• **Problem statement**
Scan the records beneath this line for the line holding "Fotografia de cachorros" and the line holding "飛鳥西国第七番札所　岡寺の石楠花と花手水", then transcribe exactly those two and all lines between.

• **Provided data**
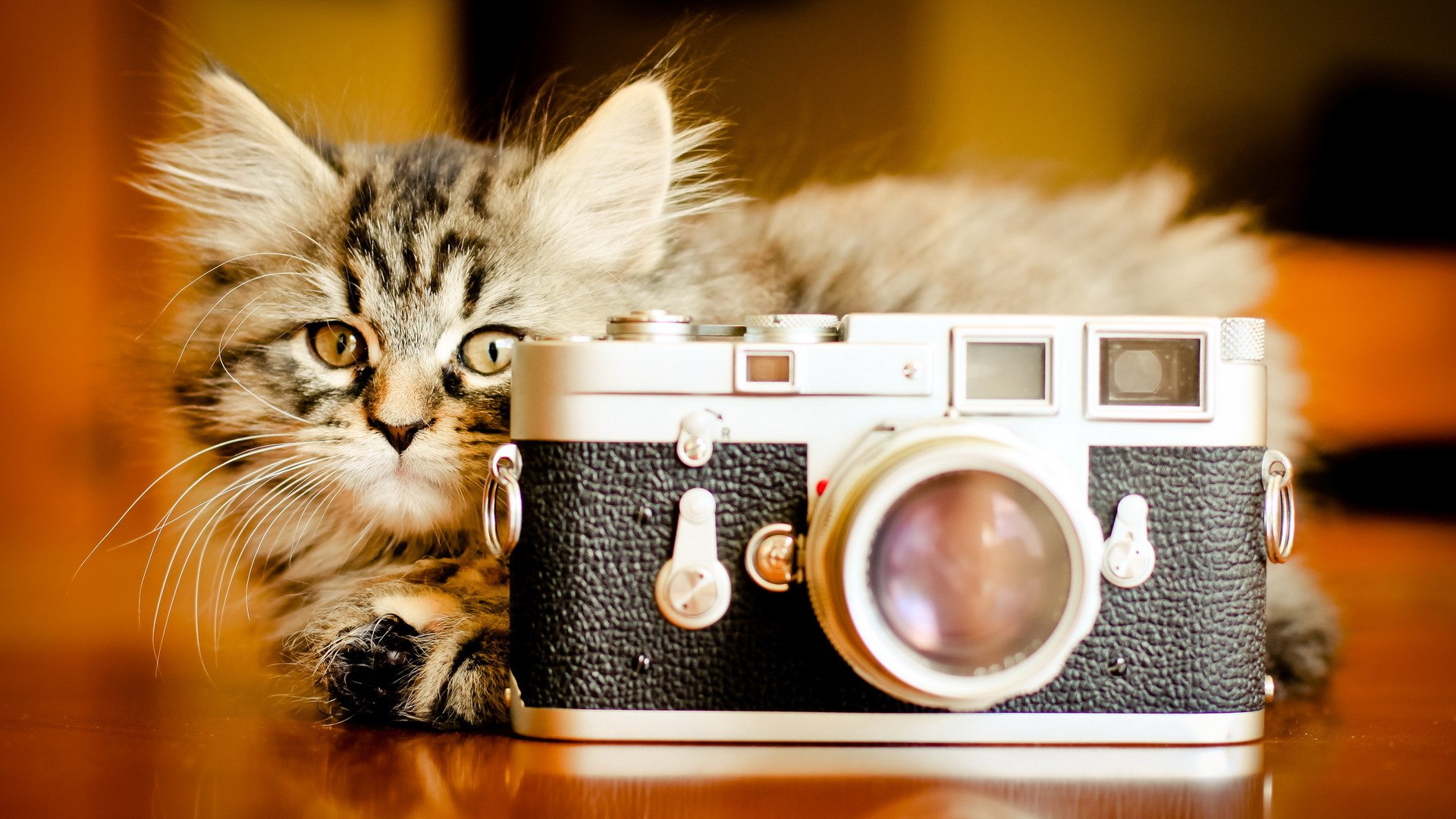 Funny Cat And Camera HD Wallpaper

---

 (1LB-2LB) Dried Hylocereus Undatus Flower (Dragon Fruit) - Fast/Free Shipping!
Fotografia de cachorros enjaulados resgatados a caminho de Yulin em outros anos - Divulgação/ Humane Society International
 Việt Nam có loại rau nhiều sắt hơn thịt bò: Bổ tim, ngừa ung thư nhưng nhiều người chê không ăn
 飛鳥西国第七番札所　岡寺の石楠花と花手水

==

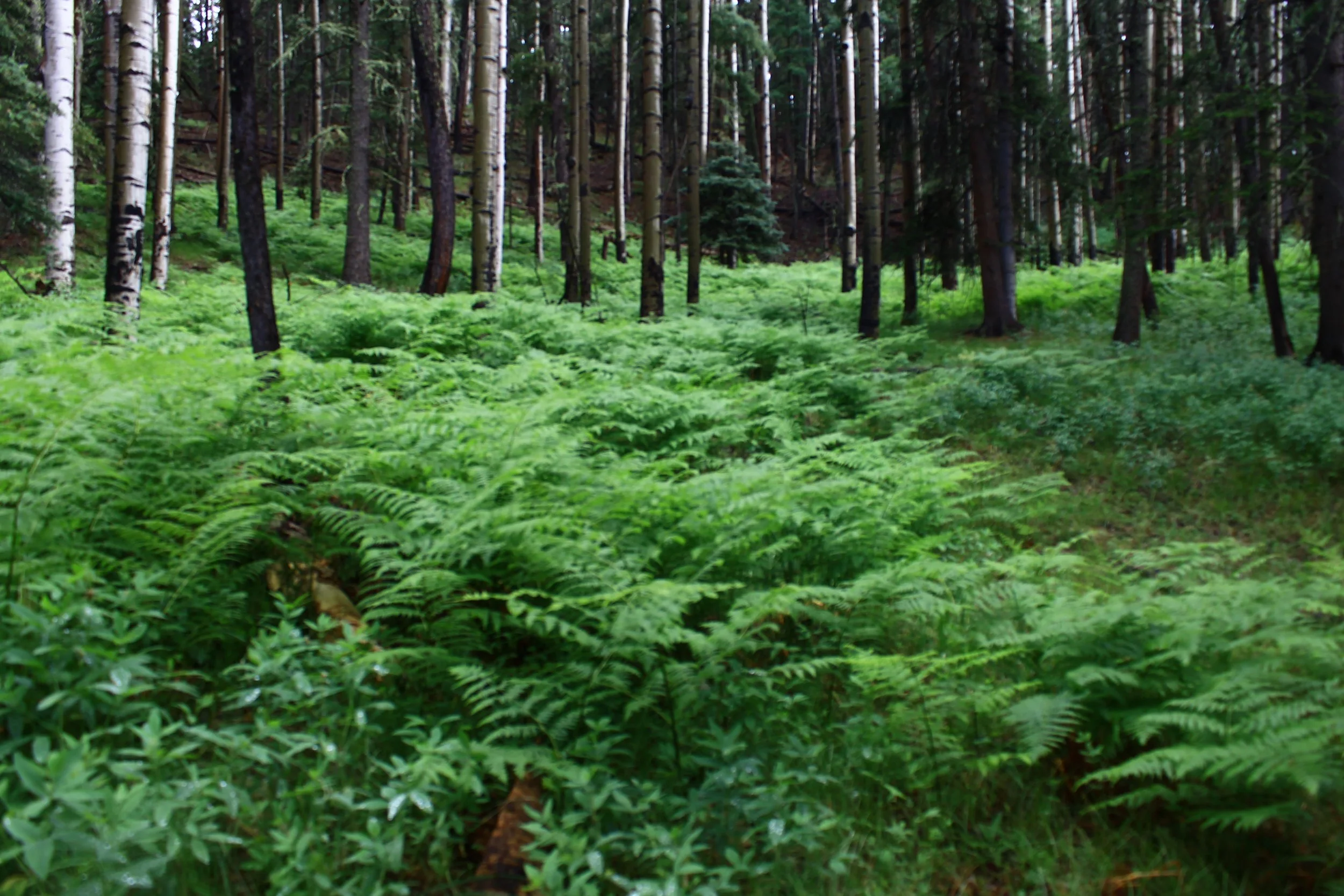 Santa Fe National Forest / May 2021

• **Response to the task**
Fotografia de cachorros enjaulados resgatados a caminho de Yulin em outros anos - Divulgação/ Humane Society International
 Việt Nam có loại rau nhiều sắt hơn thịt bò: Bổ tim, ngừa ung thư nhưng nhiều người chê không ăn
 飛鳥西国第七番札所　岡寺の石楠花と花手水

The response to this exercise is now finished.